La question qui semble se poser ensuite c’est : quoi faire de l’appel des directions syndicales au 27 janvier ?

Les militants des bases syndicales seront, ce jour-là comme les autres, avec les salariés de leurs boites, avec les vrais grévistes de la vraie grève et si ces salariés, ces grévistes décident que le 27 janvier c’est la voie de l’unité et de la centralisation nous serons avec eux derrière les ballons des Unions Départementales pour une énième leçon de choses.

Cette période, pleine de formes et de développements inattendus de la lutte de classe, nous conseille de n’être contre rien. Qui sait de quel évènement le mouvement social va s’emparer pour aller chercher Macron chez lui ? Nous ne sommes contre aucune date, contre aucun mot d’ordre qui aurait un écho. Mais surtout nous sommes pour la centralisation de la force qui s’exprime dans ces grèves économiques. Nous voulons les aider à s’étendre encore, à affronter l’exécutif et donc à s’inviter réellement, avec leurs besoins d’augmentation du brut de base, avec leur besoin d’indexation des salaires, dans les présidentielles sans s’en remettre pour la satisfaction de ces besoins, à aucun tribun.

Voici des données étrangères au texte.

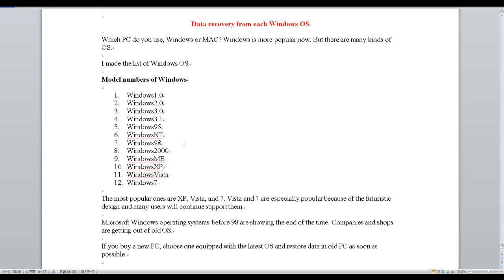7. Windows 98, 8. Windows 2000, 9. Windows ME, 10. Windows XP, 11. Windows Vista, 12. Windows 7.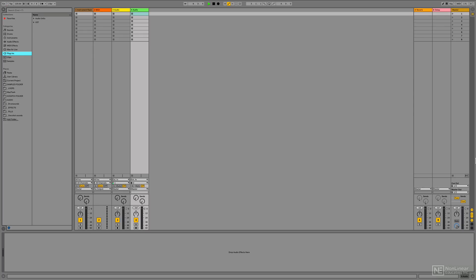So, first things first, what is Ableton Live? In a nutshell, Ableton Live is an app for your computer, be it Windows or Macintosh, that you can use to create your own music.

Car c’est bien une explosion sociale que tous sentent monter et qui mûrira politiquement si tous ses acteurs mesurent dès maintenant que la déflagration est capable d’emporter la Ve république et sa béquille présidentielle. Il s’agit de rendre visible l’immense rejet qui frappe les institutions façonnées par 64 ans de bonapartisme et de lois liberticides. L’appel au boycott des présidentielles aura d’abord ce sens que les élections ne pèseront plus sur le mouvement social comme la prophétie d’une défaite mais comme la possibilité d’une victoire, celle qu’une forte majorité prive tout vainqueur de la légitimité d’un scrutin. Jacques Nikonoff dans notre réunion-débat du 18 décembre qualifiait ce boycott de « déconstituant », c’est aussi dire qu’aucune assemblée constituante ne sortira toute armée d’une campagne électorale présidentielle, ni de celle du boycott. L’irruption massive des travailleurs dans la grève et dans la rue est une condition majeure d’une constituante souveraine et du retour à la démocratie. Le boycott des présidentielles nourrira le mouvement des grèves de masse comme les grèves de masse renverseront les isoloirs des présidentielles.

Partout les grévistes ont raison, c’est le moment !

Pour la rédaction, Luigi.

20/12/2021

Photographie illustrant cet article : grévistes sans drapeaux ni banderoles, en piquet sur le parking de leur boite de construction de catamarans à La Rochelle. Il font partie des grèves gagnantes.